Locals Helping Out In Ravaged Texas

GALVESTON ISLAND, Texas — Imagine a city full of debris dumped in front of City Hall and you will only begin to measure the devastation Texas residents are faced with as they cleanup after Hurricane Ike pummeled the coastline in the early morning hours of Sept. 14.

Local teams from Royal Plus Disaster Kleenup have been on the scene since the storm ripped the Texas coastline, starting the clean-up in Corpus Christi, moving onto Houston and finally onto Galveston.

Jim Mathias, local spokesperson for Royal Plus and senior disaster relief team leader, spoke via phone from the scene on Galveston Island, a small resort community that according to him “is very similar to Ocean City, Md.”

“The quality of life has been taken away for so many people in this little resort community of Galveston and for those that were fortunate enough to have their homes spared, everything that makes up their community, from power to water to food and emergency services, are essentially gone,” said Mathias, a state delegate and former Ocean City mayor.

Royal Plus Disaster Kleenup on Delmarva is one of the few companies that have been allowed on the island ito assist with the damage caused by Ike. Over 400 employees of Royal Plus’s mid-Atlantic team, including approximately 100 local workers are spearheading the relief work on commercial properties in the area.

Mathias said that the focus is to help get the workforce back up and running so that the community will have something to come back to and help pay for the rebuilding process.

“It’s been an amazing recovery thus far. Our teams have been working hand in hand with town officials and state officials to try to help a small community get back on its feet after losing some, if not all, of their way of life in a blink of an eye,” Mathias said.

Wednesday marked “re-entry” day for many Galveston residents, causing a 10-hour highway backup. Some residents were allowed to move back in, but those who live behind the sea wall, which was built in 1900 after a hurricane killed 8,000 people in Galveston, were only allowed to return for a few hours on a “look and leave” basis.

Damage assessments from the American Red Cross site estimate that in Harris and Galveston counties, over 16,500 homes were damaged, over 3,400 incurred major damage, and 1,500 were totally destroyed.

According to Mathias, the storm surge rolled over the sea wall 6-8 feet and crippled much of the town’s municipal services, making the cleanup efforts almost impossible if not for outside help. He likened the damage to if all of, “old town Ocean City were including City Hall to be underwater.”

Another thing that should be noted in addition to the cleanup efforts provided by Royal Plus is the fact that they are recruiting some of the displaced area workers to provide jobs to those out of work.
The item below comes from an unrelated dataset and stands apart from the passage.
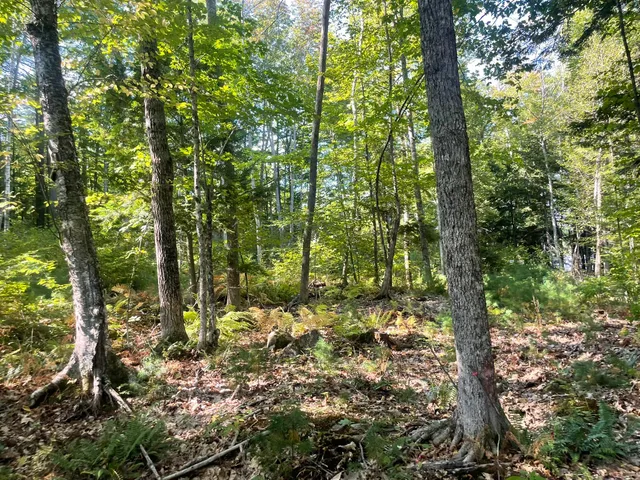 $900,000 | 0 Route9-126 Road, Litchfield, ME 04350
As far as cleanup accomplishments, Mathias says that there is much work to be done, and Royal Plus will probably have a presence in the region for “at least 6 months.”
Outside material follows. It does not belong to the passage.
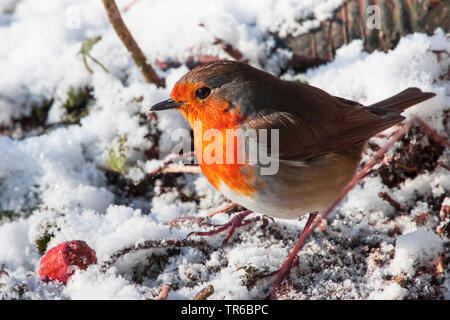 European robin (Erithacus rubecula aux abords), de recherche de nourriture dans la neige, vue de côté, en Suisse, Sankt Gallen Banque D'Images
Though small steps are being made, like completion of repairs on the power grid, residents may still be without power as the city officials have advised residents to “not energize” if they were hit by the storm surge as electrifying salt-water soaked electrical lines could cause widespread fires.

Residents with health conditions, the elderly, and those who have special needs are being encouraged not to return at this point despite Wednesday’s re-entry day as conditions are still to be considered critical.
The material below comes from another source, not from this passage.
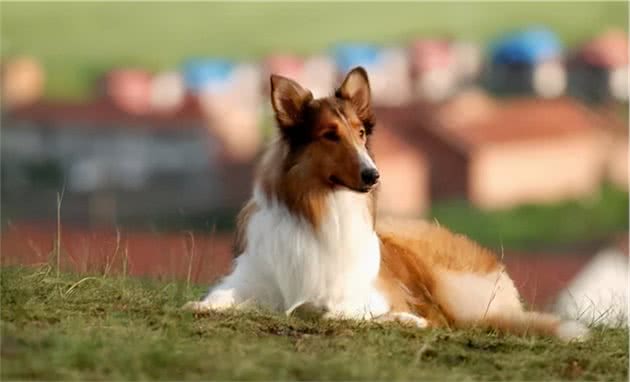 牧羊犬种类有哪些？牧羊犬有什么特点？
Mathias said that part of Royal Plus’ mission is to “help another community just like Ocean City”, and praised the planning and preparation, in minimizing loss of life and property.

“You can rebuild all the loss of technology tomorrow with better phones or more up to date computers, but what you can’t replace is the past,” Mathias said. “For Galveston, a large part of their history has been erased, and the cleanup efforts of Royal Plus and those other people involved are in an effort to help this town regain it’s identity after a disaster such as this.”

Mathias, the spokesperson and team leader, momentarily sounded like Mathias the former mayor as he cited the “American Spirit” shining through the storm clouds as thousands of strangers worked together to help out thousands of other strangers displaced by tragedy.

For Royal Plus Disaster Kleenup of Delmarva, it was another day at the office.